7. Redis persistence
There are two Redis persistence strategies:
- RDB: In snapshot mode, memory data is directly saved to a dump file and saved periodically to save policies.
- AOF: Store all Redis server modification commands in a file, a collection of commands. Redis is the snapshot RDB persistence mode by default.
If you really care about your data, but can still afford to lose it for a few minutes, you can use RDB persistence only.
AOF appends every command executed by Redis to disk. Handling large writes will slow down Redis performance.
Database backup and disaster recovery: Periodically generating RDB snapshots is very convenient for database backup, and RDB can recover data sets faster than AOF.
Of course, Redis can enable RDB and AOF at the same time. After the system restarts, Redis will use AOF to recover data first to minimize data loss.
Redis master/slave replication
- Run slaveof[masterIP][masterPort] on the secondary node to save information about the primary node.
- Discover the master node information from the scheduled task in the node, and establish a Socket connection with the master node.
- The slave node sends a Ping signal, the master node returns Pong, and the two sides can communicate with each other.
- After the connection is established, the master sends all data to the slave (data synchronization).
- After the master node synchronizes the current data to the slave node, the replication process is completed. The master node then continuously sends write commands to the slave node to ensure data consistency between the master and slave nodes.
Redis Sentinel mode
Let’s start with the problems with master-slave replication:
- Once the master node is down, the master node needs to be promoted from the master node to the master node, and the master node address of the application needs to be changed. All the slave nodes need to be ordered to copy the new master node. The whole process requires manual intervention.

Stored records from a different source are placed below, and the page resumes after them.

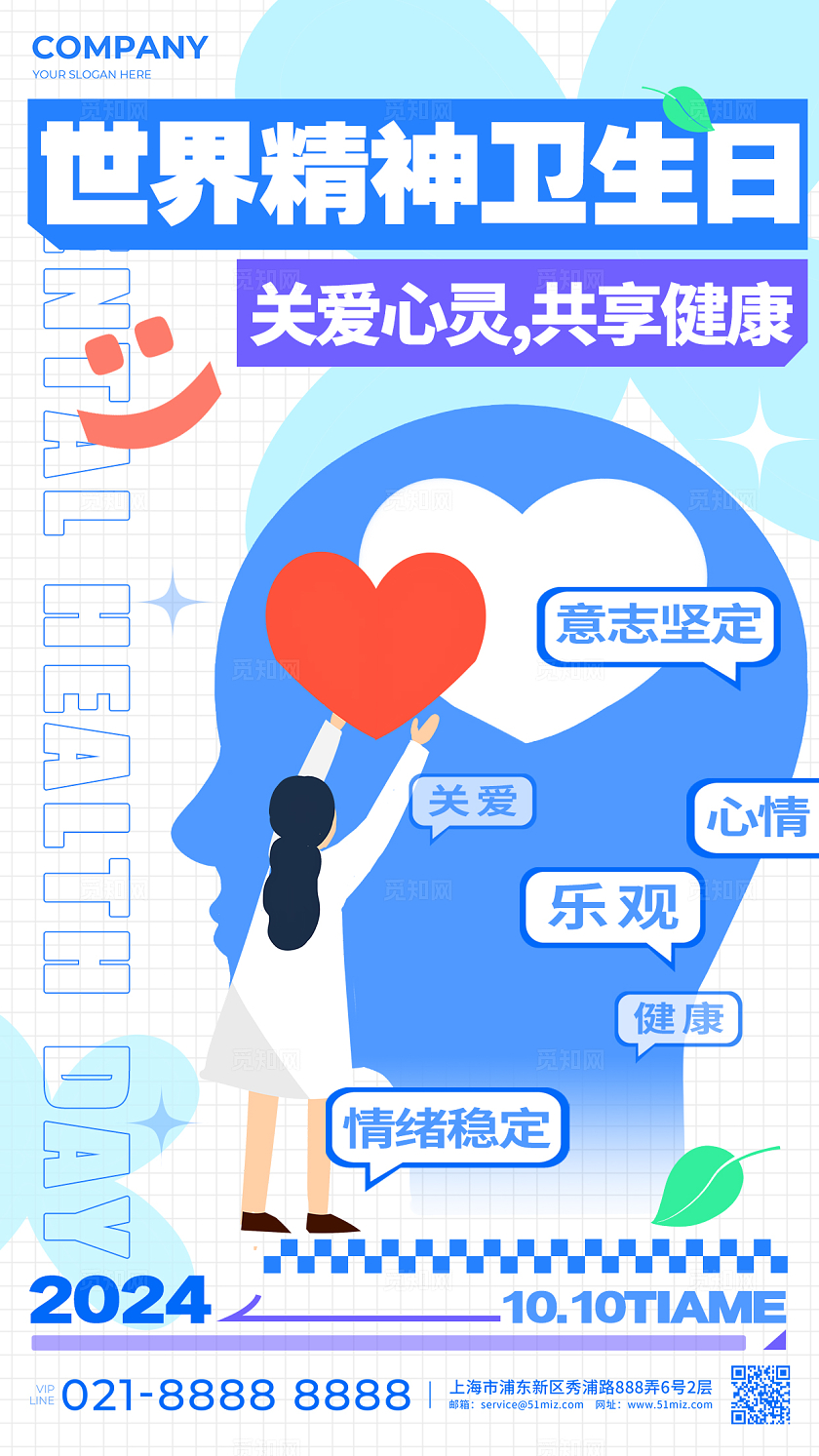 白色扁平插画风格世界精神卫生日世界精神卫生日手机宣传海报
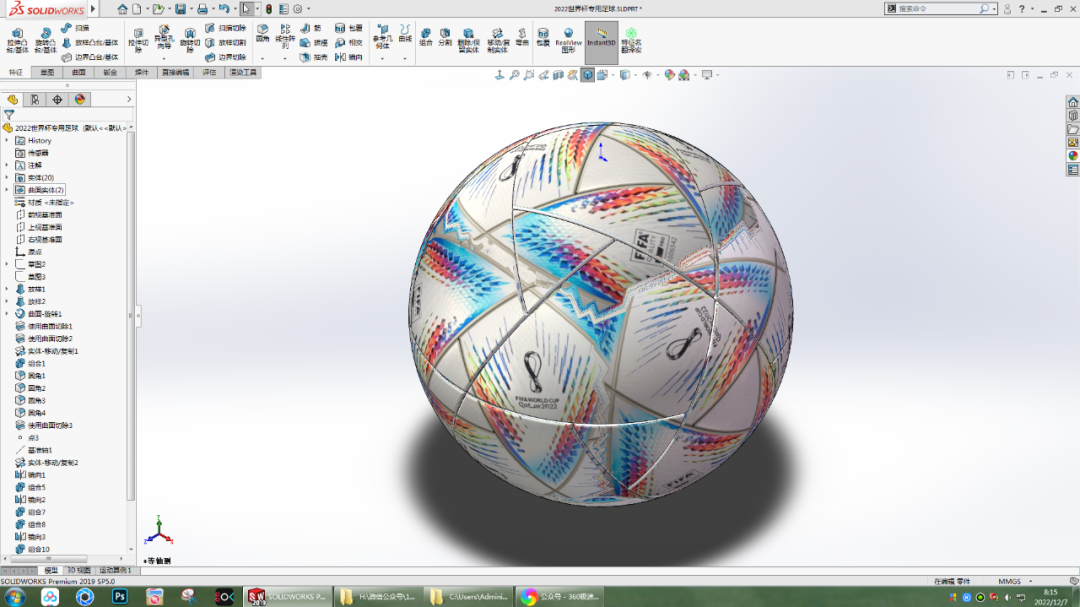 足球世界杯简易画法图片大全(用SolidWorks画一颗卡塔尔世界杯专用足)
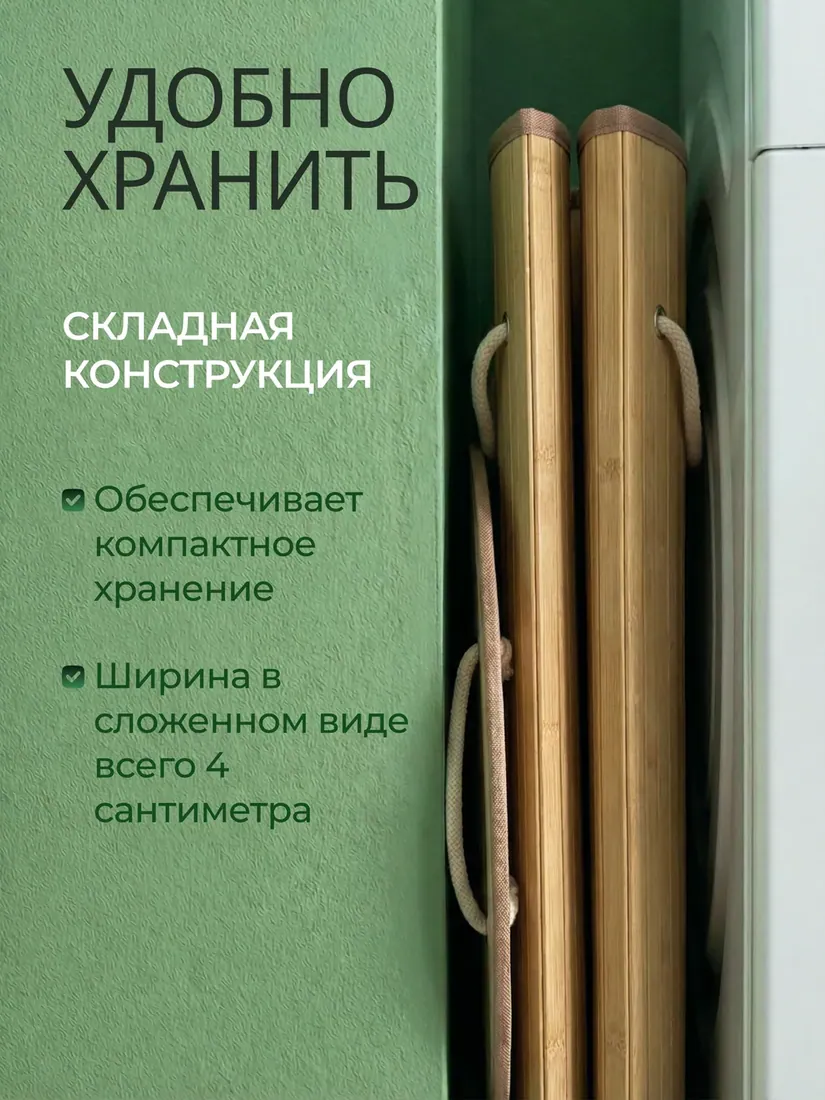 круглая, 35 см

- The write capability of the primary node is limited by the stand-alone node.
- The storage capacity of the primary node is limited by the single node.
- The disadvantages of native replication are also highlighted in earlier versions, such as the slave node initiating psync after a Redis replication break.
- If the synchronization fails, full synchronization is performed on the primary database. When the primary database performs full backup, delay of milliseconds or seconds may occur.
Sentinel’s architectural pattern is as follows:
The system can perform the following four tasks:
- Monitoring: Continuously check whether the primary and secondary servers are running properly.
- Notification: Sentinel notifies administrators or other applications through API scripts when a monitored Redis server has a problem.
- Automatic failover: When the primary node does not function properly, Sentinel starts an automatic failover operation. It upgrades one of the secondary nodes that has a master-slave relationship with the failed primary node to the new primary node and points the other secondary nodes to the new primary node so that manual intervention is not required.
- Configure provider: In Redis Sentinel mode, the client application initializes with a Sentinel node collection to obtain the master node information.